Reports find that unpaid wages are a widespread issue among U.S. corporations.
The report noted that large U.S. corporations have paid billions in recent years in fines and settlements for alleged wage and hour violations, including for failing to pay workers overtime or forcing employees to work off-the-clock.
According to the U.S. Department of Labor (DOL), the five employers that have paid the most for wage and hour violations are: Walmart at $1.4 billion; FedEx at $502 million; Bank of America at $381 million; Wells Fargo at $205 million; and JPMorgan Chase at $160 million. Valerie Bolden-Barrett "Wage theft settlements by top US companies amount to billions" hrdive.com (Jun. 07, 2018).
Employers must be careful to follow all regulations under the Fair Labor Standards Act (FLSA) and any applicable state or local wage and hour laws.
Employers should note that state laws are often more favorable to employees and in the case of a discrepancy with federal law, the law most advantageous to the worker must be followed.
Every employee must be properly designated as exempt or non-exempt for overtime.
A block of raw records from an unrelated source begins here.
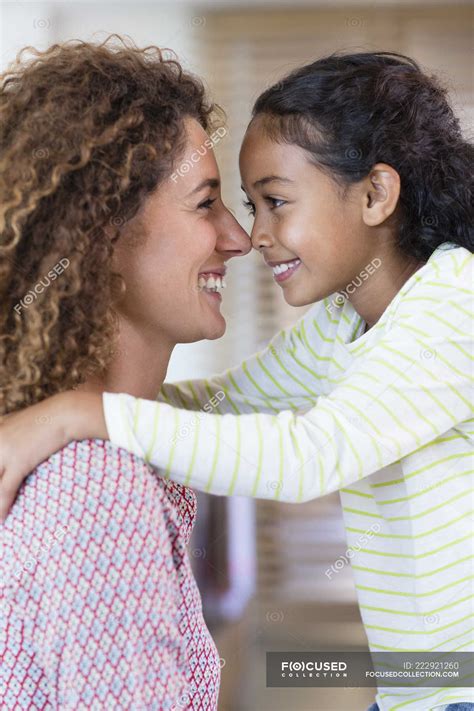 Happy Mother And Daughter Rubbing Noses Selective Focus Mid Adult Woman Stock Photo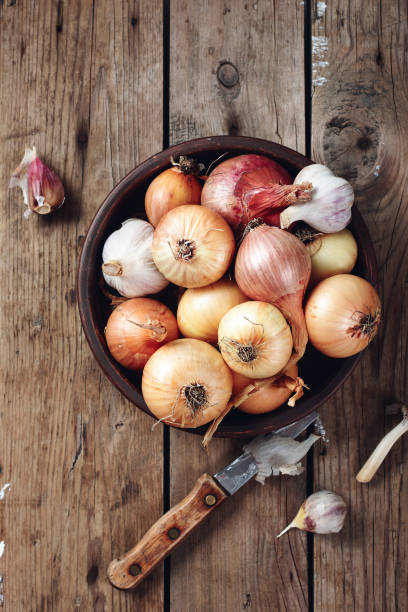istock Yellow, red onions and garlic. 1282178658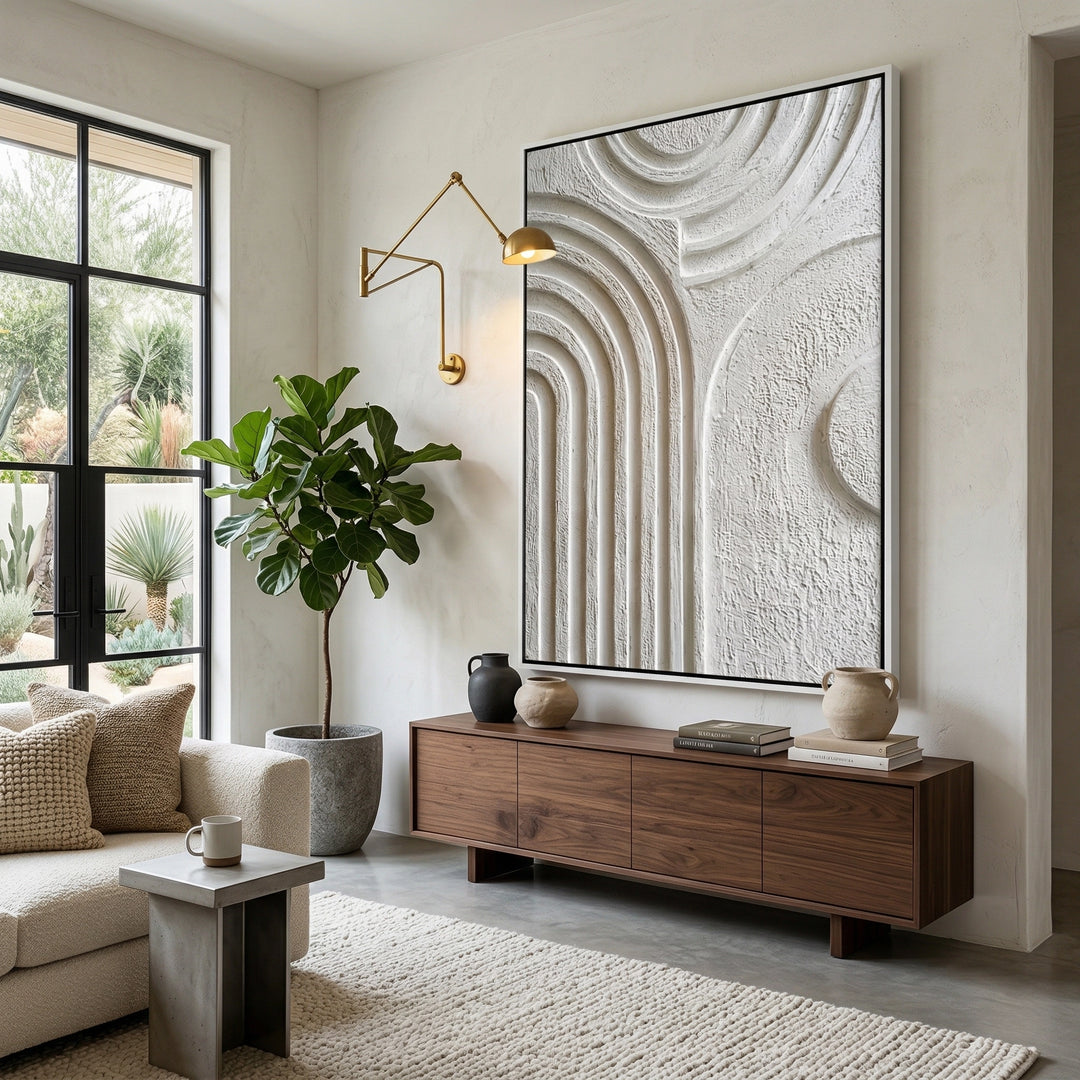 Arched wall mirror with a minimalist 'Organic Modern' frame in a cream travertine finish, an elegant focal point for a luxury Dubai hallway.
That designation depends not only on the amount an employee is paid, but also on actual job duties.
Job titles are not determinative and have little to no impact on whether an employee is exempt or not from overtime. The same holds true for documents or contracts designating workers as independent contractors instead of as employees.
What determines eligibility is primarily direction and control as to the duties a worker performs. Sales, professional, and other niche exemptions aside, an employee who has little autonomy over what he or she does is most likely due overtime.
If an employee is eligible for overtime, overtime shortages can result when, after working a 40-hr week, that employee engages in texting or emailing his or her manager or otherwise performing work duties on the weekend. Failure of an organization to capture this time, document it, and pay the employee can lead to unpaid overtime liability.
Keep meticulous wage and hour records. Have a tracking system. Review an employee's time entries, with the employee, every week, or bi-weekly, for accuracy. Have the employee indicate the correctness of the record. If you establish this as a business practice, then, should a former employee sue two years from now for unpaid overtime, you can testify as to your standing business practice and as to the fact that the time record was reviewed and signed off on by the employee every week for the duration of the employee's employment.
Having an outdated payroll system increases the risk of a wage and hour violation. According to a recent survey, half of employers use a system that is not up-to-date. Investing in new payroll technology and keeping it updated can save you from a costly fine.
Finally, seek a legal opinion as to which employees are exempt or non-exempt. A legal analysis is often needed for employees who fall into "grey areas".